The BNP Economics Policy

The BNP’s Larry Nunn is probably better equipped to articulately explain the BNP’s economics policy (which I understand involves reintroducing full reserve banking and dumping the fractional reserve banking we are now saddled with) than Nick Griffin ever will be. I doubt we’ll be seeing Larry on the telly for precisely that reason. Some elements of banking simply aren’t discussed in the media; not in print, not on air. It’s at least arguable that the whole point of having a prominent BNP figure on a national tv show and then not letting him get a word in about actual BNP policies was to stop him drawing any attention to the existing banking system. It’s a taboo subject. In the media you’ll see nothing but the very briefest of mentions of money being created by banks. If that idea ever got out and became more widely understood I suspect it would mean the end of law and order as we’ve known it.

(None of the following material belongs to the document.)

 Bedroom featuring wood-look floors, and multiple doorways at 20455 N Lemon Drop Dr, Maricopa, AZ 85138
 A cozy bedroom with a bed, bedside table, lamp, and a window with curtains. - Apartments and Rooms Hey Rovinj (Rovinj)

Now I’m familiar with the subject I’d have to say rightly so.
Don’t expect to be seeing The Bill Kruse Show anytime soon either!

BB

In The Forest – Economics

The Keynes School of economic thinking, Adam Smith, the Austrian School… all these are what I call “In the forest” economics. We’re here in this forest, so we have to reorder things in our best interest.

I say, no we don’t. We shouldn’t even be considering that at all.

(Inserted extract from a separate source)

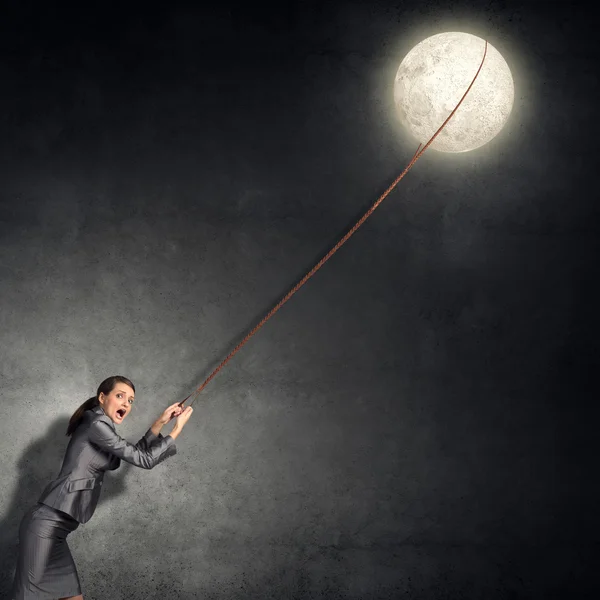 Young woman holding moon planet — Stockfoto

We don’t because this would be like hens in a battery farm trying to reorder things so that the battery farm worked in favour of them, not the farmers. It’s like trying to accept something wholly artificial, contrived, designed specifically to serve the needs of those who built it, as somehow being the natural environment for those imprisoned within it. Just tweak it this or that way, they say, and it’ll be ok. More taxes, less taxes. Different taxes. Occasional taxes. Part-time taxes. Tax reliefs. That’ll fix it, say these economics schools, from deep in the forest. Then it’ll work.

I say that’s nonsense. The system wasn’t designed to work in favour of the people in it, but in favour of the people who run it. We suffer an imposed culture and an imposed econom model. They aren’t ours. They didn’t naturally develop here. They were imposed.

The basic societal model is Roman. We first saw it here when – surprise! – the Romans conquered us. We first saw the national currency then too. This was introduced so we could be taxed. It facilitates trade, true, but over and above, handled right it enriches any party having control over the money supply. That used to be the Romans, now it’s the banks.

Effectively, then, we’re now conquered by the banks, who have lately (in historical terms) resurrected the old Roman economic model. Internationally, too, not just here. It doesn’t matter how you tweak and twiddle this arrangement, adding or subtracting this or that tax. The ultimate beneficiaries are still the banks. No matter what we do, we cannot amend the existing system so it works in our favour. We need “out of the forest” economics, then. This isn’t our forest, this isn’t our system. If we’re going to develop something that works in our favour, in favour of we who live in it, we’re going to need to get out of this one completely.